Is the slow down to do with rules? For instance do the motion sensors continue to detect as quickly yet the rules run slower, or is it everything ?

Going by the logs, motion sensors do not detect as quickly.

But... I can only go by the logs. I don't know if the motion sensors are actually slowing down (I sort of doubt it), or the hub is just not registering the motion as quickly (more probable).

Does this really work as a reliable indicator of the "slowdown" condition?
Yes, I can do a ping from my RPI to my Hubitat, and graph it over time.
But, what am I looking for?
How do I recognize a slowdown has occured?
Is this a reliable indicator?

No its probably not a reliable indicator. Folks use device page load time as one metric to measure system response time. Ping time may or may not change when the system is acting slow. I would expect to see a slight increase, but cant verify if that actually happens or not.

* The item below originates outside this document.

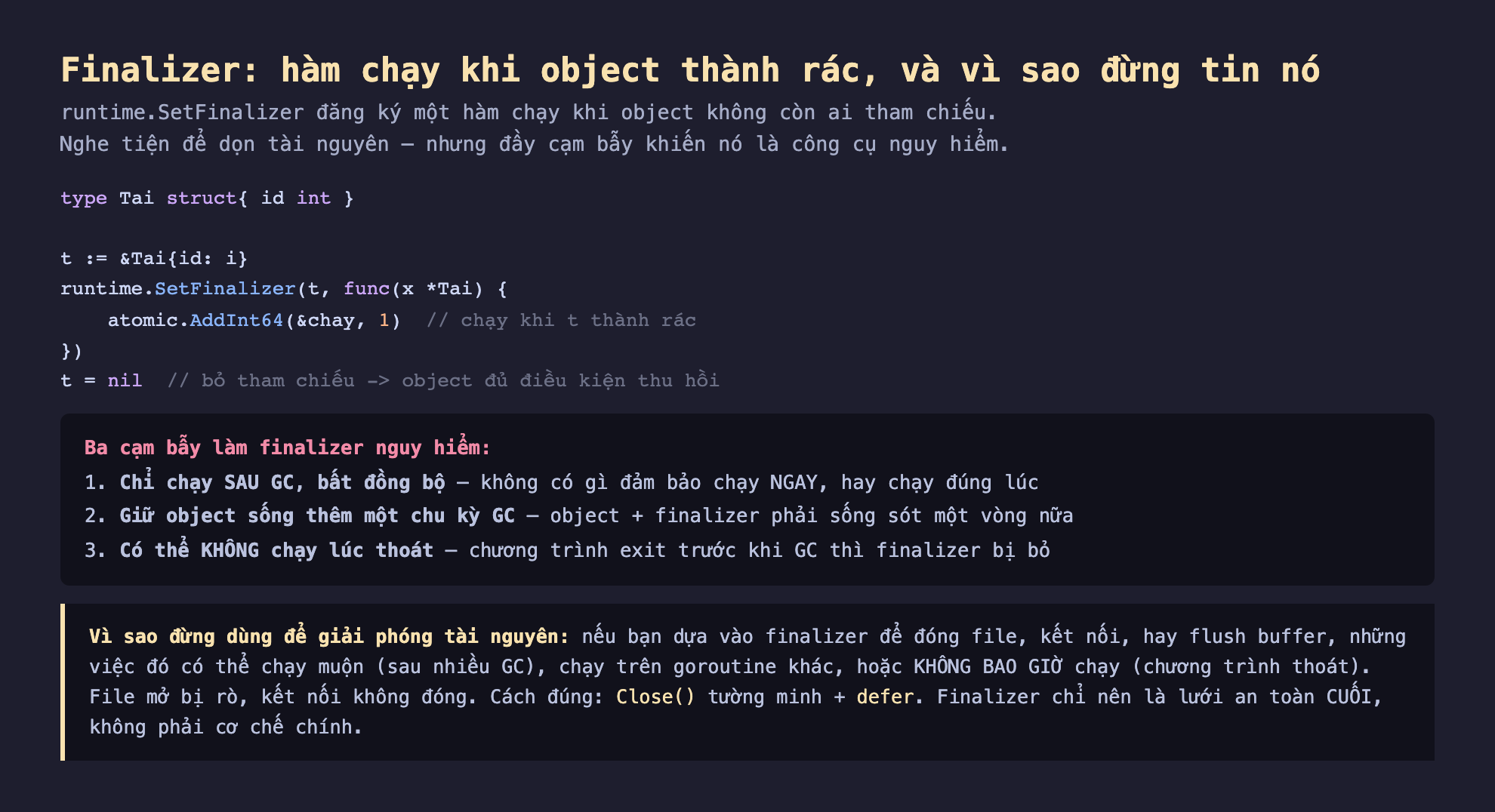 Ảnh chụp đoạn mã Go nền tối minh hoạ finalizer hàm chạy khi object thành rác vì sao đừng tin nó, runtime SetFinalizer đăng ký một hàm chạy khi object không còn ai tham chiếu nghe tiện để dọn tài nguyên nhưng đầy cạm bẫy, type Tai struct id int t bằng địa chỉ Tai runtime SetFinalizer t func x Tai atomic AddInt64 chay 1 chạy khi t thành rác t bằng nil bỏ tham chiếu object đủ điều kiện thu hồi, ba cạm bẫy làm finalizer nguy hiểm chỉ chạy sau GC bất đồng bộ không có gì đảm bảo chạy ngay hay chạy đúng lúc, giữ object sống thêm một chu kỳ GC object cộng finalizer phải sống sót một vòng nữa, có thể không chạy lúc thoát chương trình exit trước khi GC thì finalizer bị bỏ, vì sao đừng dùng để giải phóng tài nguyên nếu dựa vào finalizer để đóng file kết nối flush buffer có thể chạy muộn chạy trên goroutine khác hoặc không bao giờ chạy cách đúng Close tường minh cộng defer finalizer chỉ nên là lưới an toàn cuối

I've been reading along with this thread because I hate to see slowdowns. It's the primary motivation I had to purchase additional Hubs and join them via HubConnnect. :smiley:

I've seen "HubConnect" in a couple of messages within this thread along with the word "unlikely" - which is certainly my experience. BUT...

The ideas that are bubbling it's way to the top of my suspicions is two things... 1) the slowdowns are more than one problem. I think that the issue with C-5's and Netgear is a completely different problem than "a reboot fixes it' -- because I'm not seeing a C-4 vs C-5 distinction.. but maybe that's just wishful thinking on my part or lack of data points...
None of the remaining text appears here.